Autopsy Rates in the Department of Veterans Affairs Comparisons by Treating Specialty and VenueGary Hsin*, Periyakoil VJ and James Hallenbeck
Department of Medicine, Stanford University School of Medicine, USA
- *Corresponding Author:
- Dr. Gary Hsin
VA Palo Alto Health Care System
3801 Miranda Ave, Palo Alto, CA 94304, USA
E-mail: [email protected]
Received date: November 10, 2012; Accepted date: March 14, 2012; Published date: March 16, 2012
Citation: Hsin G, Periyakoil VJ, Hallenbeck J (2012) Autopsy Rates in the Department of Veterans Affairs Comparisons by Treating Specialty and Venue. J Palliative Care Med 2:109. doi:10.4172/2165-7386.1000109
Copyright: © 2012 Hsin G, et al.
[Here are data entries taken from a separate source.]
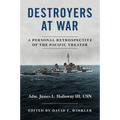 Destroyers at War: A Personal Retrospective of the Pacific Theater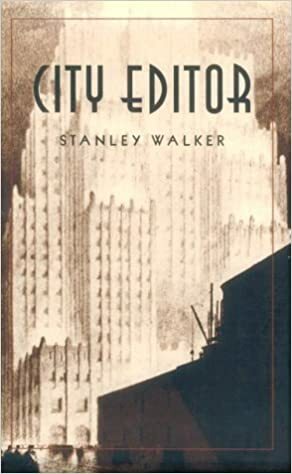 City Editor by Stanley Walker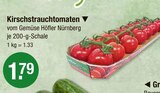 Kirschstrauchtomaten Angebote von Gemüse Höfler Nürnberg bei V-Markt Regensburg für 1,79 €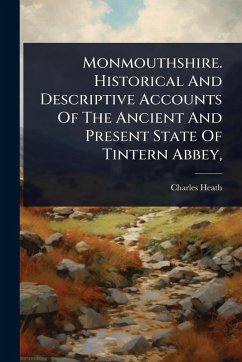 Monmouthshire. Historical And Descriptive Accounts Of The Ancient And Present State Of Tintern Abbey, - Heath, Charles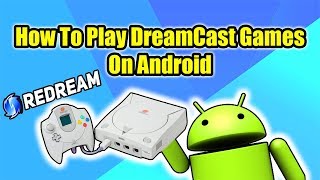 Easily Play DreamCast Games On Android  PhoneTabletTV [upl. by Anaderol308]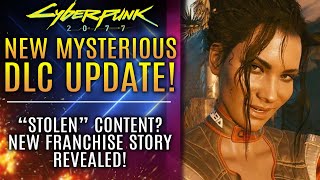 Cyberpunk 2077 - Mysterious DLC UPDATE!  What Does It Mean? New Franchise Updates! Stolen Content?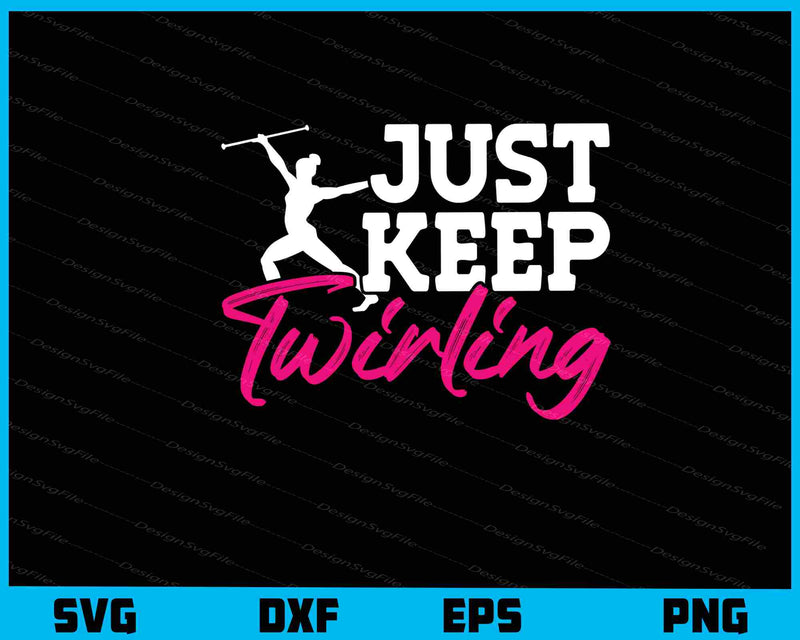 Just Keep Twirling svg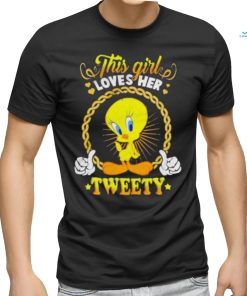 Official This Girl love her Tweety shirt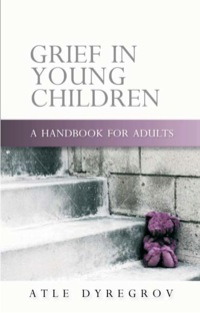 Imagen de portada: Grief in Young Children 9781843106500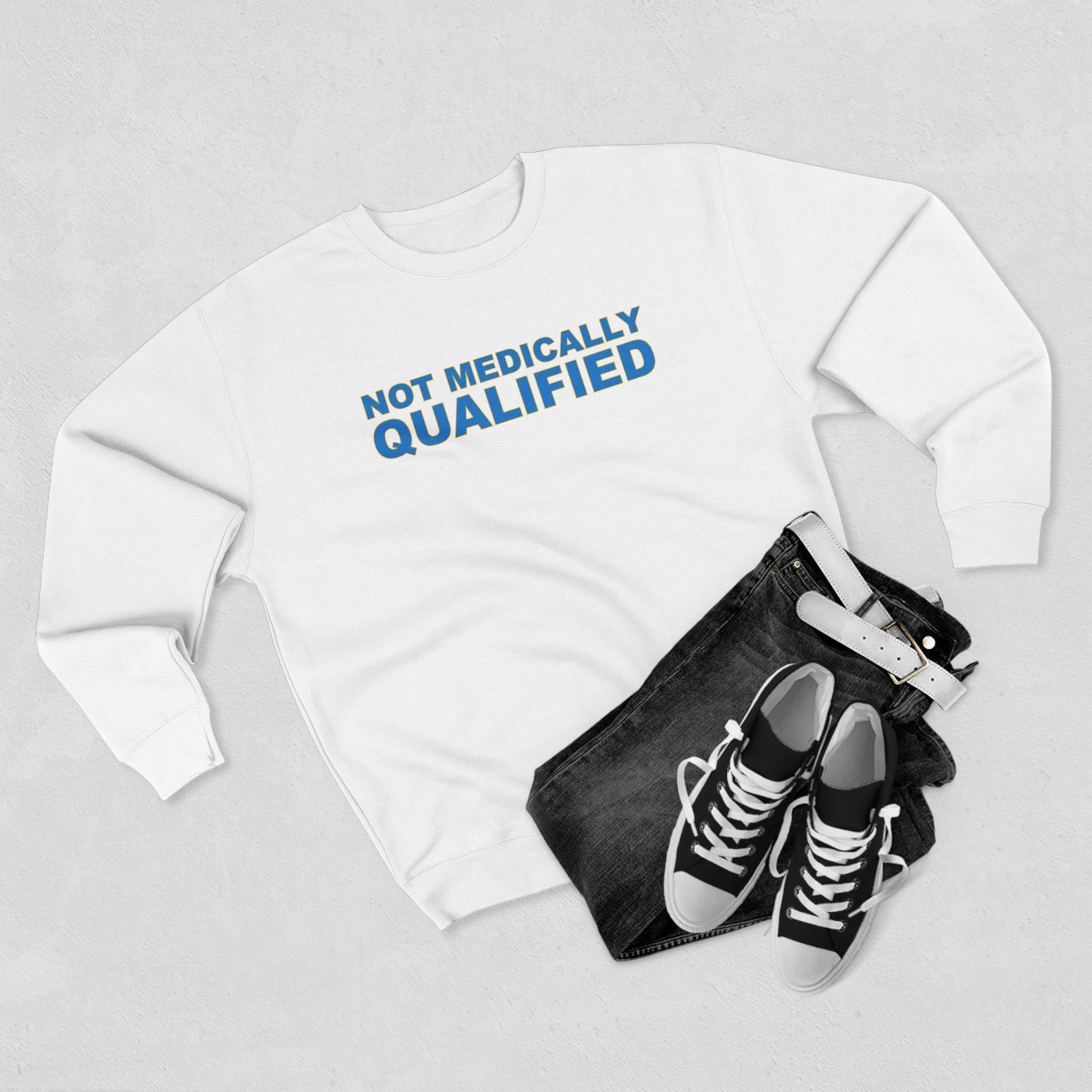 Not Medically Qualified crewneck sweatshirt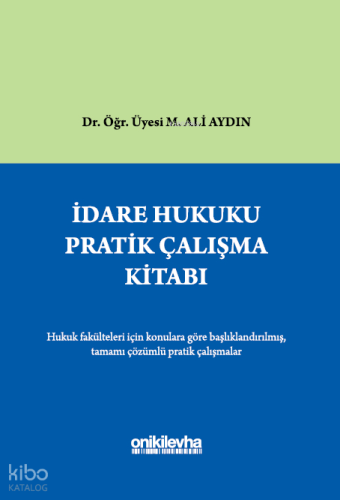 İdare Hukuku Pratik Çalışma Kitabı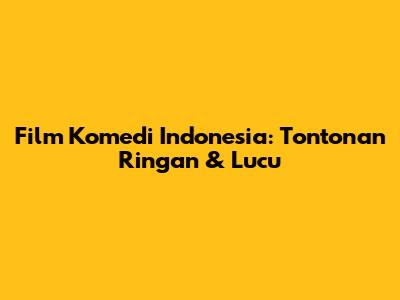 Film Komedi Indonesia: Tontonan Ringan & Lucu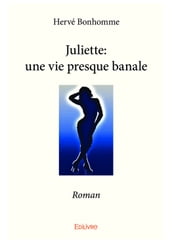 Juliette: une vie presque banale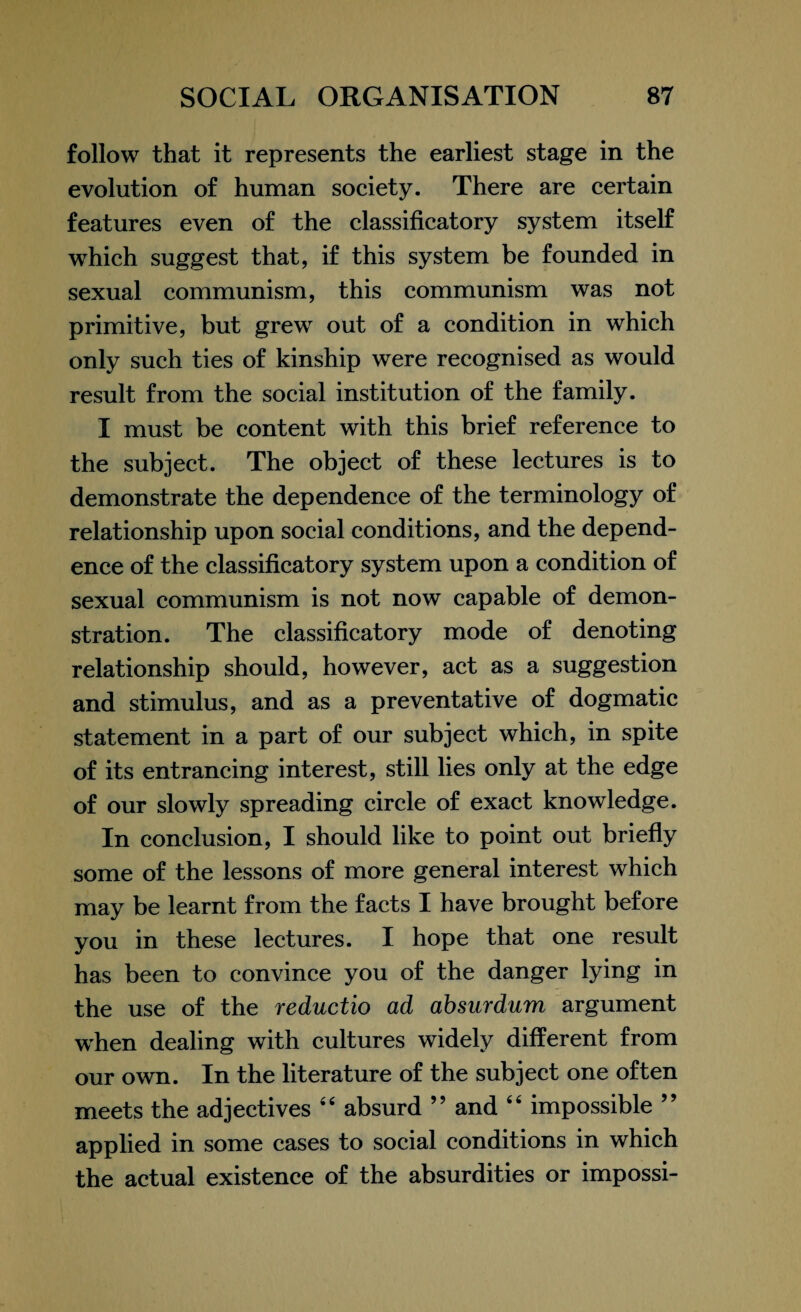 follow that it represents the earliest stage in the evolution of human society. There are certain features even of the classificatory system itself which suggest that, if this system be founded in sexual communism, this communism was not primitive, but grew out of a condition in which only such ties of kinship were recognised as would result from the social institution of the family. I must be content with this brief reference to the subject. The object of these lectures is to demonstrate the dependence of the terminology of relationship upon social conditions, and the depend¬ ence of the classificatory system upon a condition of sexual communism is not now capable of demon¬ stration. The classificatory mode of denoting relationship should, however, act as a suggestion and stimulus, and as a preventative of dogmatic statement in a part of our subject which, in spite of its entrancing interest, still lies only at the edge of our slowly spreading circle of exact knowledge. In conclusion, I should like to point out briefly some of the lessons of more general interest which may be learnt from the facts I have brought before you in these lectures. I hope that one result has been to convince you of the danger lying in the use of the reductio ad absurdum argument when dealing with cultures widely different from our own. In the literature of the subject one often meets the adjectives “ absurd ” and 66 impossible ” applied in some cases to social conditions in which the actual existence of the absurdities or impossi-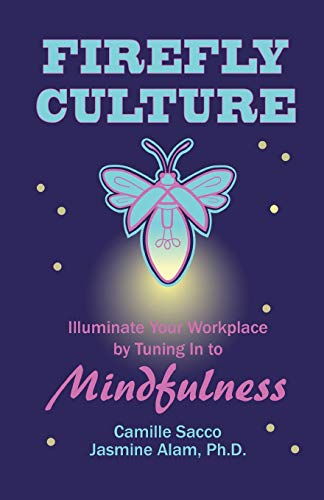 Firefly Culture  Illuminate Your Workplace by Tuning in to Mindfulness [Paperback]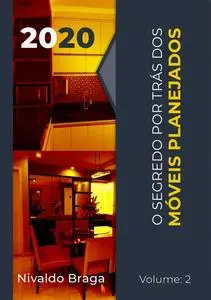 «O Segredo dos Móveis Planejados v. 2020» by NIVALDO BRAGA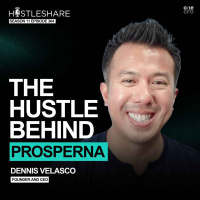 Dennis Velasco- The Hustle Behind Prosperna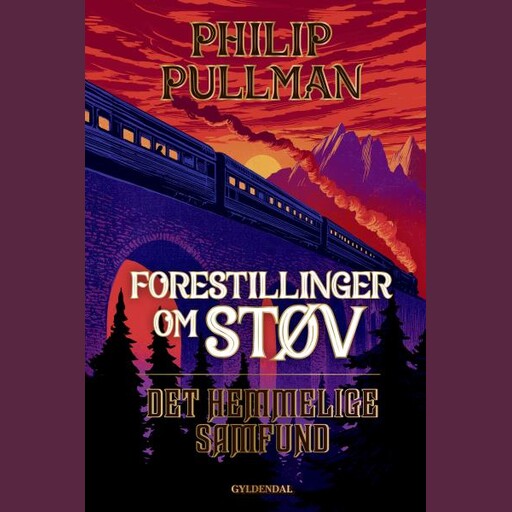 Forestillinger om Støv 2 - Det Hemmelige Samfund, Philip Pullman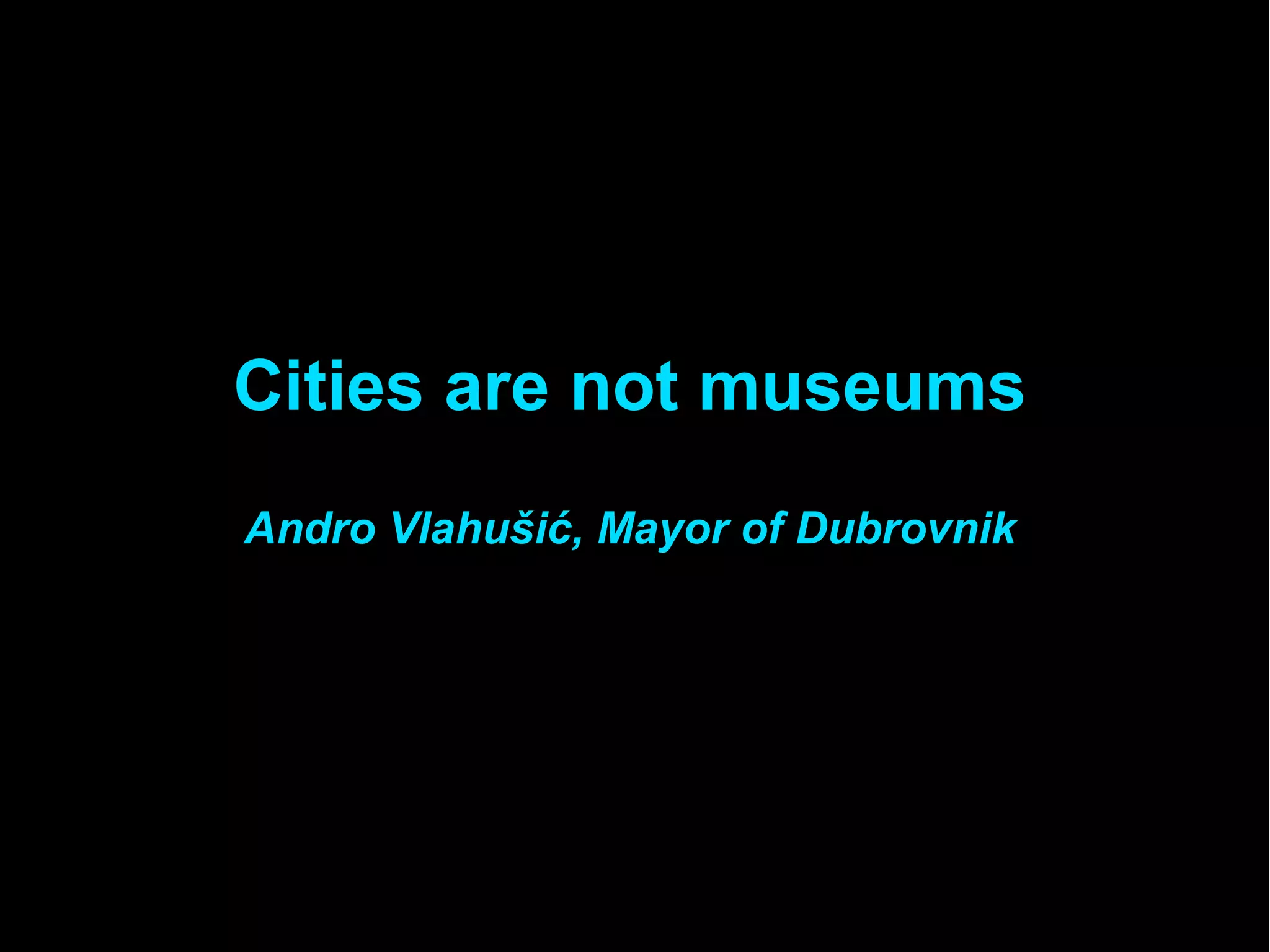 Cities are not museums
Andro Vlahušić, Mayor of Dubrovnik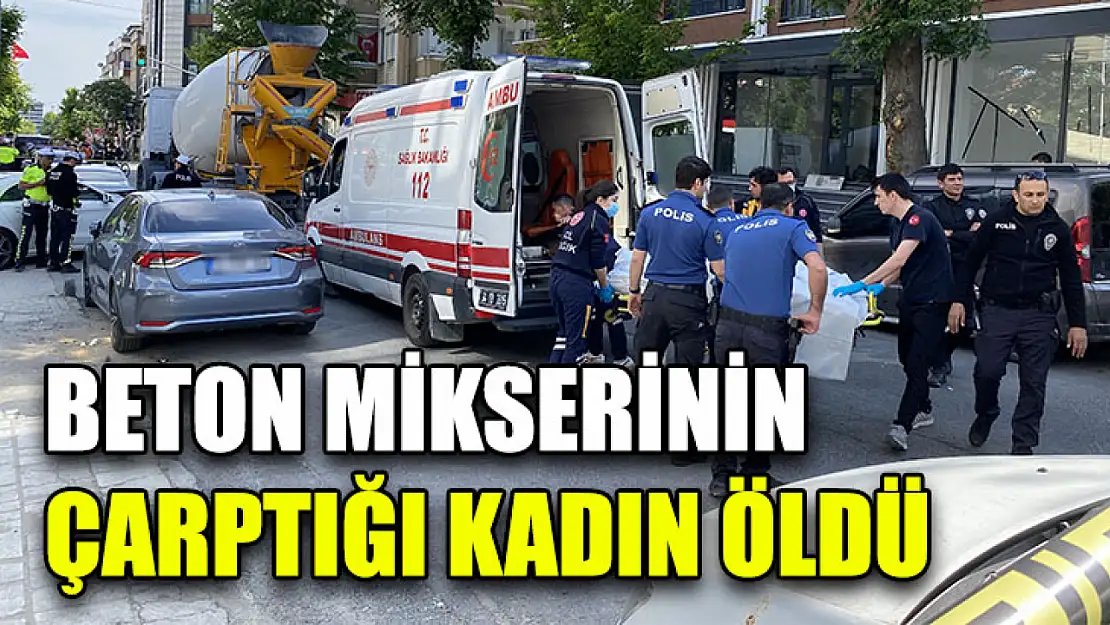 Beton Mikserinin Çarptığı Kadın Öldü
This is an open-access article distributed under the terms of the Creative Commons Attribution License, which permits unrestricted use, distribution, and reproduction in any medium, provided the original author and source are credited.
Background: Institutional autopsy rates have fallen in recent years. Significant variability in autopsy rates by venue of care has been described.
Objectives: To compare institutional autopsy rates by treatment specialty and venue in the Department of Veterans Affairs and to the community. To explore the role of palliative care in autopsy inquiries.
Research Design: Compare national autopsy rates by acute care and nursing home treating specialties for two fiscal years.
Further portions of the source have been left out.